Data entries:
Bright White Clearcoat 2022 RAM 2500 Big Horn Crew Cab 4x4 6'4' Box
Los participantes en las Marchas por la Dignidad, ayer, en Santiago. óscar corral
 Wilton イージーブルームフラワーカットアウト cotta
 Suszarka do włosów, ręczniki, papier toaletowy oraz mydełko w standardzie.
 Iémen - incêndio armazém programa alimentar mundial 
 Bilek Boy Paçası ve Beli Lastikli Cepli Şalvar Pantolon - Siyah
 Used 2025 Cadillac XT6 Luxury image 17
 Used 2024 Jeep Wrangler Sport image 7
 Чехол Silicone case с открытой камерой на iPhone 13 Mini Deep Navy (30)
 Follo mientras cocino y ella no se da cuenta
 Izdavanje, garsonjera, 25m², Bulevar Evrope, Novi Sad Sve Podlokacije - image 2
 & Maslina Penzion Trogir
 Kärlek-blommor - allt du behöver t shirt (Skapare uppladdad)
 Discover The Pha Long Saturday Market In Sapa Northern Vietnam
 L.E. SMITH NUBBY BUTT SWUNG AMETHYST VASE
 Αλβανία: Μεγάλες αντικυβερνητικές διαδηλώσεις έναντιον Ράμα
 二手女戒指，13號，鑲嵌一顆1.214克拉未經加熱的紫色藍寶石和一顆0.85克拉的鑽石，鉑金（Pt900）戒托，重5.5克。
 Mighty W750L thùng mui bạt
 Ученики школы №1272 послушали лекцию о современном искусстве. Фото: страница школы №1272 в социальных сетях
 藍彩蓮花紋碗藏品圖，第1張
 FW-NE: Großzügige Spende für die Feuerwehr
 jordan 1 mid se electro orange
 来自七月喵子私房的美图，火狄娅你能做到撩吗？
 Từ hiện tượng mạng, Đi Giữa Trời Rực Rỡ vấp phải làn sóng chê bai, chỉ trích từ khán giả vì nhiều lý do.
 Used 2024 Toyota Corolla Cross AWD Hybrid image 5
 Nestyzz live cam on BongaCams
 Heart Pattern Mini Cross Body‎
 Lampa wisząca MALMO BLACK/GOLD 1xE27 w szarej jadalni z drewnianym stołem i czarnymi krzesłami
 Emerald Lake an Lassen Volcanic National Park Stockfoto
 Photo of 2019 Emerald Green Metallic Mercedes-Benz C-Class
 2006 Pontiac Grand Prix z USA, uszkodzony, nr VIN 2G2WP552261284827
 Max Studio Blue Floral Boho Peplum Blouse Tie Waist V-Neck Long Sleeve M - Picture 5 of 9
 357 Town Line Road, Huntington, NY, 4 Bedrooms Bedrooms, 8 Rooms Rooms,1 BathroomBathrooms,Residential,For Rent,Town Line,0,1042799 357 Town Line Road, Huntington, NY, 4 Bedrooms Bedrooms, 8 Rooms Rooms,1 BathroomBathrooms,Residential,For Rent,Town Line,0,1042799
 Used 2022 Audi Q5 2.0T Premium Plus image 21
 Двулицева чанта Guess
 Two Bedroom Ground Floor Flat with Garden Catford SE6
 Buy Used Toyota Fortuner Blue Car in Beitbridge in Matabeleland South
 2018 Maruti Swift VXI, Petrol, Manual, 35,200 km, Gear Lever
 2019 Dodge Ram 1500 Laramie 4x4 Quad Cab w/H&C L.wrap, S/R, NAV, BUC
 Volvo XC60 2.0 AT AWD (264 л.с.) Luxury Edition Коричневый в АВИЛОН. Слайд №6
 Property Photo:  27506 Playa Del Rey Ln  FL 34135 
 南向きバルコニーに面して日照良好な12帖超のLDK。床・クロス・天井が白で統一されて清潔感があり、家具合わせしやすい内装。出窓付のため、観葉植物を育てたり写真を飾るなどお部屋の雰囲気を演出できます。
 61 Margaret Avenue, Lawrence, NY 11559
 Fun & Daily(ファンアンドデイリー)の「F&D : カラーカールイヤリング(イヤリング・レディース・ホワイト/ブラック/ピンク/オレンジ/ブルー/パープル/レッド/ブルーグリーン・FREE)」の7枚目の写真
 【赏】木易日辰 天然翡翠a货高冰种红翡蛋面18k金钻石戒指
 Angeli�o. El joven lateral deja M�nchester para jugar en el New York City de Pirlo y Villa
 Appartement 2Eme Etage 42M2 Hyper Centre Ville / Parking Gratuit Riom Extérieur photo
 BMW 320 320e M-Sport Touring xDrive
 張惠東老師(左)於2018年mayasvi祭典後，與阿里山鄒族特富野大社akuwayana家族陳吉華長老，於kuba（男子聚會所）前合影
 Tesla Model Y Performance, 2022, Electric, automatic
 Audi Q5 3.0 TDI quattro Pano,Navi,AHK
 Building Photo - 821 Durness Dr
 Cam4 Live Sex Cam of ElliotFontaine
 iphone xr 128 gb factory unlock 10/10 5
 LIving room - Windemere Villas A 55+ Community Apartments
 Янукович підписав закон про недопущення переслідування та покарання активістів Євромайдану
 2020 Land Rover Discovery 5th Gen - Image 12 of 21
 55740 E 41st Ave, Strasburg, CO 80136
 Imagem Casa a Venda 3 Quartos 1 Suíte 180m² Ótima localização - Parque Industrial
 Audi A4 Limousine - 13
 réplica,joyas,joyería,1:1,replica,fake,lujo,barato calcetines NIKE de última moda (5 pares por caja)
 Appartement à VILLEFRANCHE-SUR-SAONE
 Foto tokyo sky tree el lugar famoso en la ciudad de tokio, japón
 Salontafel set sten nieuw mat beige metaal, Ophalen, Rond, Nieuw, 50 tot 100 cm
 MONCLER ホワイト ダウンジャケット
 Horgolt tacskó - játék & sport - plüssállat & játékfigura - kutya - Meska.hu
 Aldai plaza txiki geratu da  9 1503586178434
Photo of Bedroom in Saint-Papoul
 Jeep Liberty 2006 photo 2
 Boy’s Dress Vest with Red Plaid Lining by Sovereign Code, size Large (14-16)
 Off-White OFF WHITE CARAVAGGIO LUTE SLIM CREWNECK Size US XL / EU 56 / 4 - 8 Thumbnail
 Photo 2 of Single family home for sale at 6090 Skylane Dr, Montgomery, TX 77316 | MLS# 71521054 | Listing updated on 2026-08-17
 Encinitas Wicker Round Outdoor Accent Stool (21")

_WHAT NEEDS TO BE DONE_.
Can you write out the lines above, from the first one through the one containing "Suszarka do włosów, ręczniki, papier", exactly as they appear and nothing more?

_SOLUTION FOR THIS EXERCISE_.
Bright White Clearcoat 2022 RAM 2500 Big Horn Crew Cab 4x4 6'4' Box
Los participantes en las Marchas por la Dignidad, ayer, en Santiago. óscar corral
 Wilton イージーブルームフラワーカットアウト cotta
 Suszarka do włosów, ręczniki, papier toaletowy oraz mydełko w standardzie.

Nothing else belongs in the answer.